Companies Act 2008
New Companies Act – Effective 1 May 2011 : Basic Overview
(For a complete overview, please contact us)
1. CC’s cannot be registered from 1 May 2011. Only a profit / non-profit PTY can be registered.
2. Profit Companies can be classified as:
- Private Companies – Pty (Ltd) – Not state-owned
- Personal liability Company – Incorporated / Inc – Directors / Past directors have liability
- State-Owned Company – SOC Ltd – State Owned / Owned by Municipality
- Public Company – Limited / Ltd – Not private / state-owned.
3. Name reservation is not required for incorporation. A company may register without reserving a name, and if this not available, will be issued with a registration number as temporary name until a suitable name has been found.
4. A company name may be predominantly in any official language and must end with the relevant English expression, being
- the word Incorporated or its abbreviation Inc., in the case of a personal liability company
- the expression Proprietary Limited or its abbreviation, (Pty) Ltd., in the case of a private company
- the word Limited or its abbreviation, Ltd., in the case of a public company
5. Accounting records and financial statements (s28 and s29)
All companies are required to maintain accurate and complete accounting records. In addition, all companies are required to prepare annual financial statements. The Act requires annual financial statements to:
- Include an auditor’s report, if the statements are audited
- Include a report by the directors with respect to the state of affairs, the business and profit or loss of the company
- Be approved by the board and signed by an authorized director, and
- be presented to the first shareholders meeting after the statements have been approved by the board.
6. Audit requirement (s30)
The Act requires public companies and state owned companies to have audited financial statements. The Regulations set out additional categories of companies that are required to have their annual financial statement audited, which is discussed below.
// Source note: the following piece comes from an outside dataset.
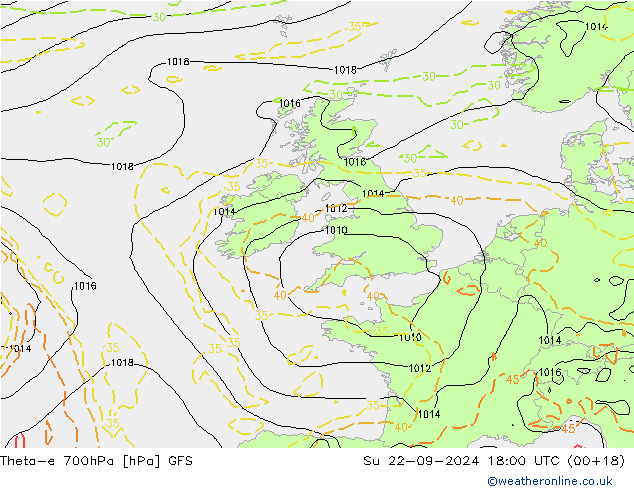 Theta-e 700hPa GFS dom 22.09.2024 18 UTC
Notwithstanding the provisions of the Act and the Regulations, the provisions of the Act related to mandatory audits will also apply to any company that voluntarily choose to have audited financial statements, and provides for this choice in the company’s Memorandum of Incorporation.
7. Independent Review
All companies that are not required (either in terms of the Act, or by Regulations) to have their financial statements audited, may opt to either have their annual financial statements audited voluntarily or to have them independently reviewed. In terms of the draft Regulations, an independent review may be performed by an independent accounting professional (the person must be a member of a professional body that is a member of the International Federation of Accountants), and the following standards will apply to an independent review:
- ISRE 2400: Average over the past 3 years of more than R100m in assets or more than R200m turnover
- ISRS 4400: Average over the past 3 years of less than R100m in assets or less than R200m turnover, AND greater than the Independent compilation requirements below:
- Independent compilation: For preceding year the company had less than R5m in assets and R20m turnover
- Independent compilation entails statements compiled by an independent accounting professional, on the basis of records provided by the company, in accordance with any relevant financial reporting standards.
8. Business Rescue
Chapter 6 of the Companies Act replaces the existing regime of judicial administration with a modern business rescue regime. This new regime is largely self-administered by the company, under independent supervision within constraints set out in the Act, and subject to court intervention, at any time, on application by any of the stakeholders.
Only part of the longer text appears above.